What next? Restoring Peace against the odds

15/01/18
Author: 
Rita Wong

Premier Horgan announced in December that his government would proceed with the Site C dam, increasing its budget by more than 2 billion dollars despite having opposed it before.

He said that his own wife believed “that the values lost were greater than the values gained,” but he went against his wife’s values anyway.

Horgan basically ignored what remains of the free-running Peace River is a precious legacy for all Canadians and the world.

In addition to the West Moberly and Prophet River First Nations, 14 downstream Indigenous Nations urged Horgan to cancel the dam. UNESCO and the IUCN have called for the river’s protection, as well as Amnesty International, the Sierra Club and the Yellowstone to Yukon Conservation Initiative, among others. The Peace’s farming families understand that they are guardians for everyone who deserves to experience and inherit the incredible Peace Valley intact.

To dismiss 2 billion in sunk costs and the inflated 1.8 billion cost for remediation as money “spent on nothing,” leaving B.C. without “an asset,” is to completely ignore the value of ecosystem services.

The Peace’s current natural capital is worth billions in perpetuity, as the David Suzuki Foundation has shown. B.C. can’t afford to lose more forest after the summer of devastating fires and the need for natural buffers and carbon sinks in a time of impending climate destabilization. As the frequency and intensity of extreme weather incidents rise, removing needed forests only increases their probability. Money talks loud, but nature bats last.

BC Hydro recently announced it would award the generating station contract to a group of multinational corporations, including the Colorado-based corporation, Flatiron, in partnership with Aecon (a company being acquired by Chinese-state owned enterprise CCCI), Spain-based Dragados, and EBC (together called the AFDE Partnership). The project labour agreement for the contract, if approved, includes jobs for various union workers. It’s worth noting that the largest donation made to the NDP leading up to the 2017 election came from the United Steelworkers ($520,000) while the International Union of Operating Engineers donated $89,000 to the NDP.

Now, instead of a “handful of people” up north acting as guardians for a carbon sink the whole planet needs, fistfuls of people will get fistfuls of cash for violating Indigenous rights and working on a dam that doesn’t have a solid business case.

The dam doesn’t benefit B.C.’s 4.5 million citizens in the long term.

Horgan’s threat to cut to social spending upon dam termination ring hollow in the wake of the NDP giving up 4.7 billion in revenue from bridge tolls in the Lower Mainland without even a mention of credit ratings or accounting practices.

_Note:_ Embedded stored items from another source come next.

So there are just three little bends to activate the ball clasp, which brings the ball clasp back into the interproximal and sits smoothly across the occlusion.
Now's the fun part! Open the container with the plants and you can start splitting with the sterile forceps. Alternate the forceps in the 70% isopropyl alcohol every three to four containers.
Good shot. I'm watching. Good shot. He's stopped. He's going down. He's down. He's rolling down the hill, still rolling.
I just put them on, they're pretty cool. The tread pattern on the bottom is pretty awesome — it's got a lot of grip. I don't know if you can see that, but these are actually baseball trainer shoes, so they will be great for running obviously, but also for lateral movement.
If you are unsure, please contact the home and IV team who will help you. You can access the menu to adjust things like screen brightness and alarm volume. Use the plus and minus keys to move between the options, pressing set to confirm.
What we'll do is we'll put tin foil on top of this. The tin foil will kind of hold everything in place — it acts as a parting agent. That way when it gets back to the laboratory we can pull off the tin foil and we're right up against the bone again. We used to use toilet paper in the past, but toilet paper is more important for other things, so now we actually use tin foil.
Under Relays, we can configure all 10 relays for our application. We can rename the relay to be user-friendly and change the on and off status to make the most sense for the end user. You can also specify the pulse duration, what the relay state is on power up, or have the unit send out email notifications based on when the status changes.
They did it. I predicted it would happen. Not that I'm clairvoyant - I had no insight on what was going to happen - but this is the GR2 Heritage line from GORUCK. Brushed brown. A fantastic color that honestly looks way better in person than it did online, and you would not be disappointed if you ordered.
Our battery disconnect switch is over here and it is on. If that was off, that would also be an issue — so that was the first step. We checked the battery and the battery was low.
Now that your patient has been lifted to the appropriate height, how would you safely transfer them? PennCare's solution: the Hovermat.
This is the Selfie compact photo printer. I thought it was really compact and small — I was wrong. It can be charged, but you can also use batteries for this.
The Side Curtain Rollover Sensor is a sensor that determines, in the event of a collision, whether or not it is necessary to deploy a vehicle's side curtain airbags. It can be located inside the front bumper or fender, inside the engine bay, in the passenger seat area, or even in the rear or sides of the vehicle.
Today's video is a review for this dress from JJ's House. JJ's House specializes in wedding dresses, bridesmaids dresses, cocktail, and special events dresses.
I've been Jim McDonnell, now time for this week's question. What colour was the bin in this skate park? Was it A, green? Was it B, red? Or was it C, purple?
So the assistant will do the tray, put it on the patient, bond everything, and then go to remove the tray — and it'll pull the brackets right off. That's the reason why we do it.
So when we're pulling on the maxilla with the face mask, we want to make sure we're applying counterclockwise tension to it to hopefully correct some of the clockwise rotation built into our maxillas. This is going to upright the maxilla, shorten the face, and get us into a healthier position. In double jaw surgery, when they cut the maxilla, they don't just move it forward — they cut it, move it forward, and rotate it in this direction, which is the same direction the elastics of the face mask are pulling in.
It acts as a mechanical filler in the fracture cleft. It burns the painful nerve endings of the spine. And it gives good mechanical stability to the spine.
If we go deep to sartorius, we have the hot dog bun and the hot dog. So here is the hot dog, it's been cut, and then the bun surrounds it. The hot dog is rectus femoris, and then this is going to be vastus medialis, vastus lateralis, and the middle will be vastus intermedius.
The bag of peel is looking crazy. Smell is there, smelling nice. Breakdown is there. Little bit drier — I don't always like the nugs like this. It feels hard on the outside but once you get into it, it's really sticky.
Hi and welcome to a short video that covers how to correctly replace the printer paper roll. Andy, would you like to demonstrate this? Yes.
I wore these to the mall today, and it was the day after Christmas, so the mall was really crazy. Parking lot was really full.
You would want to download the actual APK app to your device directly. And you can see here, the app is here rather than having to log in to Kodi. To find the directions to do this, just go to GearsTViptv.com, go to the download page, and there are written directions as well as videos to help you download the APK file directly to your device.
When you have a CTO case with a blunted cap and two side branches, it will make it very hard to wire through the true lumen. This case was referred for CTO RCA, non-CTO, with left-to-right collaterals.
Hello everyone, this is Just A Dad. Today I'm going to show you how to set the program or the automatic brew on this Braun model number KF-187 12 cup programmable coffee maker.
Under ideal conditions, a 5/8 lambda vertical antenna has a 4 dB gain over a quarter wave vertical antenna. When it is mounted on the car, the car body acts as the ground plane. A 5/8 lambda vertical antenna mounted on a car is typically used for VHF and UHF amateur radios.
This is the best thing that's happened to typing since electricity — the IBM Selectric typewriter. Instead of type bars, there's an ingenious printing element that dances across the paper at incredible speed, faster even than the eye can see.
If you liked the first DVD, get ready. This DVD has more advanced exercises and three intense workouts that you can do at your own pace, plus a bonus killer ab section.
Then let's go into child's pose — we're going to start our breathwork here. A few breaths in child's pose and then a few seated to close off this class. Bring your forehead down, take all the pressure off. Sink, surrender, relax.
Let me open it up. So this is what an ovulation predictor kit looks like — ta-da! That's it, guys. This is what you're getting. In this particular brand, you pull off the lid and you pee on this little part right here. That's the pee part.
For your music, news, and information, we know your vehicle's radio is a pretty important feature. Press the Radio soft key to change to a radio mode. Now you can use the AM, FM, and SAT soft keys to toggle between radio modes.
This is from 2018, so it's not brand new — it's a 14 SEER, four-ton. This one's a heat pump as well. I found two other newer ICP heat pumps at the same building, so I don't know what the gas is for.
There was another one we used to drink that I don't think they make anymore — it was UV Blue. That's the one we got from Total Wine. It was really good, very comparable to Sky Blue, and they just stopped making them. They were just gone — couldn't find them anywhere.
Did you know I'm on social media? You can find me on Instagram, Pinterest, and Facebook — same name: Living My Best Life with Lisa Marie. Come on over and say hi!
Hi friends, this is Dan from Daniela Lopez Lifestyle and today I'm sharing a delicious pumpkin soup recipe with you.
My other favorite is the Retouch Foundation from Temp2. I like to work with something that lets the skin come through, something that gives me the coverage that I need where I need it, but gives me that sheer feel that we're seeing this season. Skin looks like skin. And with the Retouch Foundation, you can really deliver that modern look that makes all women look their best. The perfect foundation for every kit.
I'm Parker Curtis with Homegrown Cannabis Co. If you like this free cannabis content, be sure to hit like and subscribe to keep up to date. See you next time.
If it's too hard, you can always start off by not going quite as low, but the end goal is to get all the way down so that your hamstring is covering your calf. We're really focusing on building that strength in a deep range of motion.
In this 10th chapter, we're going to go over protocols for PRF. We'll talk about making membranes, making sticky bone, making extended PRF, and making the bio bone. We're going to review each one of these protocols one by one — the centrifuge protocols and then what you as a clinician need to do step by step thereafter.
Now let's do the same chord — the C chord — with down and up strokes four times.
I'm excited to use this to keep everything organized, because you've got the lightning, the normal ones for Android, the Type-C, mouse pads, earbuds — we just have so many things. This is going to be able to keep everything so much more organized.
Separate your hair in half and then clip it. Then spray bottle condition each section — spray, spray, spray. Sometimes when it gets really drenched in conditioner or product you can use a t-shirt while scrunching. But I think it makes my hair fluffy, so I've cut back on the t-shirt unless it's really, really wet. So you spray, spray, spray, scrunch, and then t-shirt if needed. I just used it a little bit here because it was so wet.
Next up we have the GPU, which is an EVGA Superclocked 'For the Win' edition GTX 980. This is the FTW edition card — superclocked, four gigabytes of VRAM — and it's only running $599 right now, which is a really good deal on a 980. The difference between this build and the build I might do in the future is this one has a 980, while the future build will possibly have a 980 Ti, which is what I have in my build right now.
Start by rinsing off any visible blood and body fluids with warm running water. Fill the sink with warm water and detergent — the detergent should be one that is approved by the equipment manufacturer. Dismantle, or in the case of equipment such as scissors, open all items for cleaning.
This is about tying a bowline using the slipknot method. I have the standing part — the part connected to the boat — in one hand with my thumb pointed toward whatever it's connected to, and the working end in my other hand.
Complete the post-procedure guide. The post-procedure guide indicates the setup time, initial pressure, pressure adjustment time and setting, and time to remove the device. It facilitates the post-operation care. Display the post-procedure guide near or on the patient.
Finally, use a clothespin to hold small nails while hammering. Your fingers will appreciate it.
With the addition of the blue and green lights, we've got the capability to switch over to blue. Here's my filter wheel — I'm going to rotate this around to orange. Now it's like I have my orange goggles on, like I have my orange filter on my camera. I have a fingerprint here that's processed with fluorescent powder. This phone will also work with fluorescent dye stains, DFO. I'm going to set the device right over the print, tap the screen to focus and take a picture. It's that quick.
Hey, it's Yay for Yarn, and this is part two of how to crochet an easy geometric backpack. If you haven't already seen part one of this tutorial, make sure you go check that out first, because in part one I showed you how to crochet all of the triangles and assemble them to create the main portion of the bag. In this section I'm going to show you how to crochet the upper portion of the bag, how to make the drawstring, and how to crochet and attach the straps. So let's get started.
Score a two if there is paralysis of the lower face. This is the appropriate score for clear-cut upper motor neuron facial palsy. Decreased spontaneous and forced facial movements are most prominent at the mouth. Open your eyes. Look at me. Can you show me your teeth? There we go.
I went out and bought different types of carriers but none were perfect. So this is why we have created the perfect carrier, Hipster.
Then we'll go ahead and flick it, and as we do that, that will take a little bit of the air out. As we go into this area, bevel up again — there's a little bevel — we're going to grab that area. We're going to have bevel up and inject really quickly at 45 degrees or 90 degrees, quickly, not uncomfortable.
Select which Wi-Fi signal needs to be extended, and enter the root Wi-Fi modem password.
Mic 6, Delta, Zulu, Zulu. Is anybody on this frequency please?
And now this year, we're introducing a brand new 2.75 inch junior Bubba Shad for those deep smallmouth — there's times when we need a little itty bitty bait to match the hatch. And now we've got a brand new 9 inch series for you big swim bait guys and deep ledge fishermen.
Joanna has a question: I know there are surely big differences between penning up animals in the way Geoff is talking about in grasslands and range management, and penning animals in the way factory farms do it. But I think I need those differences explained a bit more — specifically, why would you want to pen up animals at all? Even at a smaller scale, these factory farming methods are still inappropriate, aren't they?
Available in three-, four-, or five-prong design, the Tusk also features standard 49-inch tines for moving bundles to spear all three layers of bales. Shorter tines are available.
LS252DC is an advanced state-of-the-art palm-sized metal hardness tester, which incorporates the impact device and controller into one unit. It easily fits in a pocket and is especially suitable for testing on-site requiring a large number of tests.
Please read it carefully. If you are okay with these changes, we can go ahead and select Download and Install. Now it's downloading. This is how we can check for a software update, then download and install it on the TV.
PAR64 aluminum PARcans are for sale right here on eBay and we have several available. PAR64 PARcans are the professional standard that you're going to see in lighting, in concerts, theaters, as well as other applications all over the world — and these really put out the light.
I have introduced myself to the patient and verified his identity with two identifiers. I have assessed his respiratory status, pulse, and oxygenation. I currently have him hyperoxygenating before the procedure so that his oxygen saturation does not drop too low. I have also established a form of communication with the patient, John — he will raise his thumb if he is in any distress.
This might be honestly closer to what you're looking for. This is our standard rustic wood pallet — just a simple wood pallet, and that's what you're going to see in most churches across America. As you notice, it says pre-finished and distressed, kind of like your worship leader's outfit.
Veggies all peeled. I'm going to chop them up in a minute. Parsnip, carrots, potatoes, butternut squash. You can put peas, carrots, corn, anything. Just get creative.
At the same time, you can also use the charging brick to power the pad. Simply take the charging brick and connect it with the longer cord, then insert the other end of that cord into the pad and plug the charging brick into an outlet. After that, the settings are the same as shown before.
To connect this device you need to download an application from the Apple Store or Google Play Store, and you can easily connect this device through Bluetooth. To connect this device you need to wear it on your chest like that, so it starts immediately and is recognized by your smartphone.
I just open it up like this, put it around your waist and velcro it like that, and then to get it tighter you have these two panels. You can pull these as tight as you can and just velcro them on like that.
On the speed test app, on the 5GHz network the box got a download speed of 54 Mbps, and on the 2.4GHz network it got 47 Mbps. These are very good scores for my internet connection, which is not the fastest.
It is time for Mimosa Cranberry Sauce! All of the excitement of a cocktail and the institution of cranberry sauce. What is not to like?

As Green leader Andrew Weaver pointed out, these are trade-offs that the NDP have made. Unfortunately, the Greens have not used their influence to terminate the dam either.

Horgan may argue that financial conventions excuse this sacrifice of the Peace, but our economy depends on healthy ecosystems. The government could recognize this by declaring the Peace Valley a provincial asset or park, worth much more than “nothing.”

The good of the province—and the nation—depends on its actions being perceived as honourable, by demonstrating wise management and enacting reconciliation. Unfortunately, the provincial and federal governments’ refusal to honour Treaty 8 and to prevent ecosystem destruction leads to mistrust, systemic violence, and ongoing injustice. There is a high reputational cost when we can’t trust our governments. So the Peace Valley Solidarity Initiative is holding an Accountability Summit in Victoria to address why the trust has been broken and what could be done to remedy this. See the link there.

As Marc Eliesen points out in the Times Colonist, "There will be higher hydro-rate increases in the future by continuing construction than by terminating the project today.” Such costs land hardest on the poor, least able to pay for skyrocketing rates through the economy’s boom-and-bust cycles.